Question 810: A 33-year-old woman with Crohn’s disease colitis presents to her physician after 2 days of photophobia and blurred vision. She has had no similar episodes in the past. She has no abdominal pain or diarrhea and takes mesalazine, azathioprine, and prednisone as maintenance therapy. Her vital signs are within normal range. Examination of the eyes shows conjunctival injection. The physical examination is otherwise normal. Slit-lamp examination by an ophthalmologist shows evidence of inflammation in the anterior chamber. Which of the following is the most appropriate modification to this patient’s medication at this time?
A. Adding infliximab
B. Increasing dose of prednisone (Correct Answer)

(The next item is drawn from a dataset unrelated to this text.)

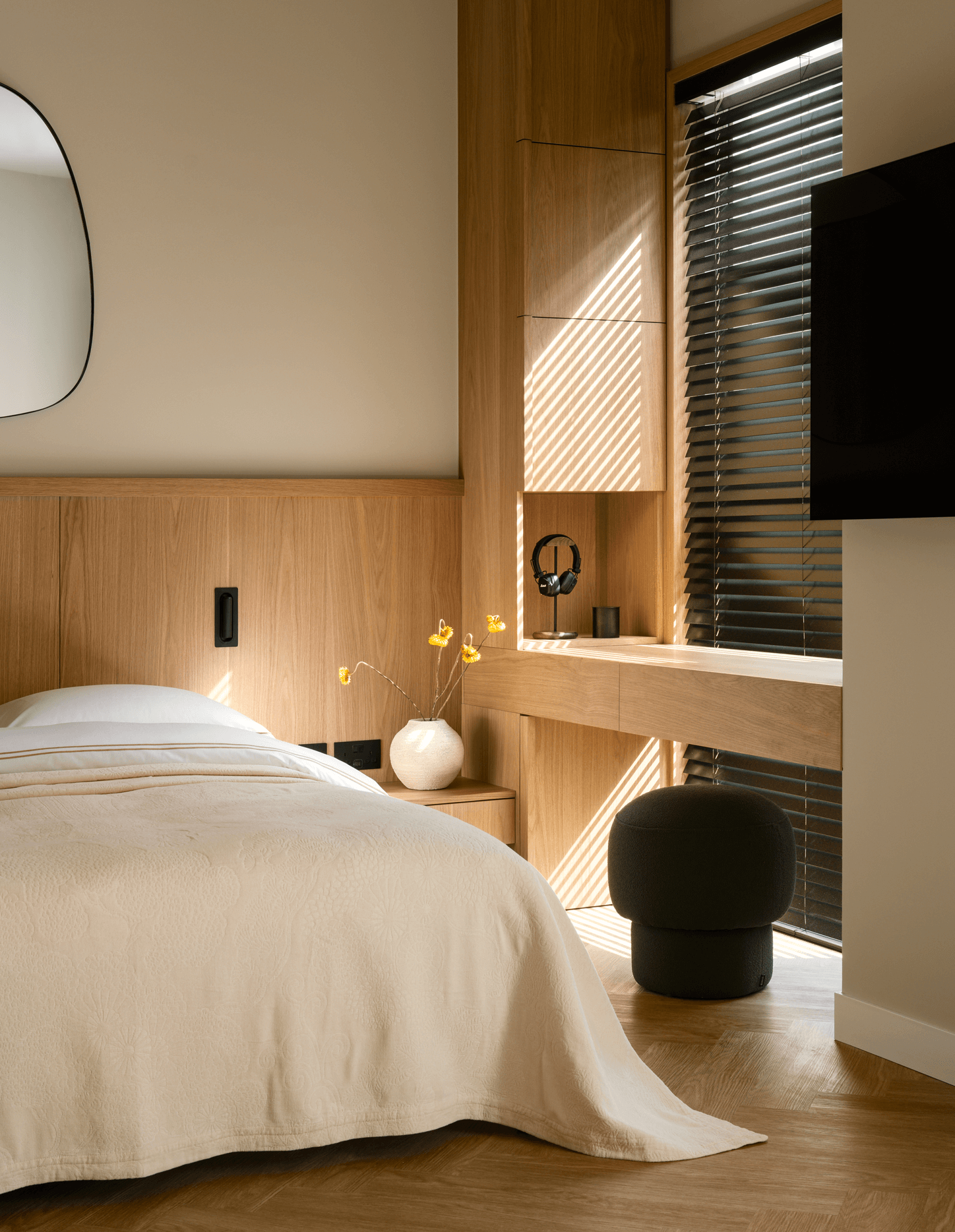 The Exohom Collection: Blending Modern Luxury with Comfort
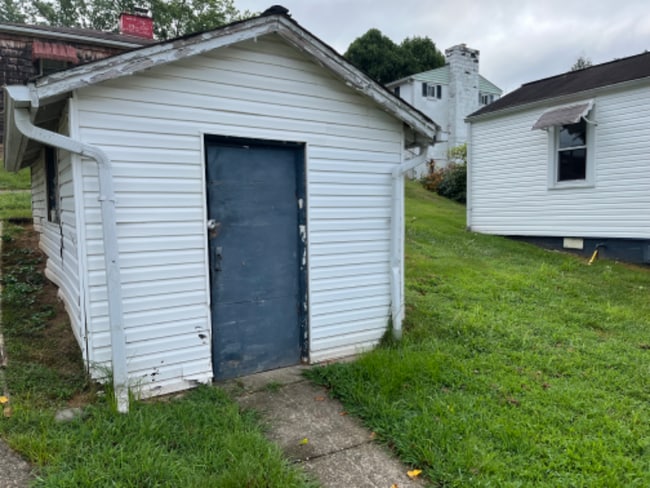 Building Photo - 846 Midkiff Dr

C. No modification of therapy at this time
D. Discontinuing mesalazine
E. Decreasing dose of azathioprine
Explanation: ***Increasing dose of prednisone***
- This patient is presenting with **anterior uveitis**, a common **extraintestinal manifestation of Crohn’s disease**, characterized by photophobia, blurred vision, and inflammation of the anterior chamber.
- **Corticosteroids** (like prednisone) are the **first-line treatment for acute uveitis**, and increasing the dose will help control the inflammation effectively.
*Adding infliximab*
- While **biologics like infliximab** can be effective for refractory uveitis or systemic disease control, they are **not the immediate first-line treatment for an acute uveitis flare**, especially when corticosteroids are already part of the regimen.
- Adding a new biologic would also involve a longer onset of action and additional risks, making it less suitable for urgent symptom control compared to adjusting prednisone.
*No modification of therapy at this time*
- The patient clearly has **acute anterior uveitis**, which is a potentially serious ocular condition requiring prompt treatment to prevent complications such as synechiae, glaucoma, and vision loss.
- Doing nothing would lead to worsening inflammation and potential irreversible damage.
*Discontinuing mesalazine*
- **Mesalazine** (an aminosalicylate) is primarily used for maintaining remission in inflammatory bowel disease and is **not implicated in causing uveitis**, nor is discontinuing it a treatment for uveitis.
- It would also risk a flare of her Crohn's disease.
*Decreasing dose of azathioprine*
- **Azathioprine** is an **immunosuppressant** used to maintain remission in Crohn’s disease and is not a direct treatment for acute uveitis.
- Decreasing the dose would weaken her overall immunosuppression, potentially leading to a flare of her Crohn's disease or making her more susceptible to other issues, without directly addressing the acute ocular inflammation.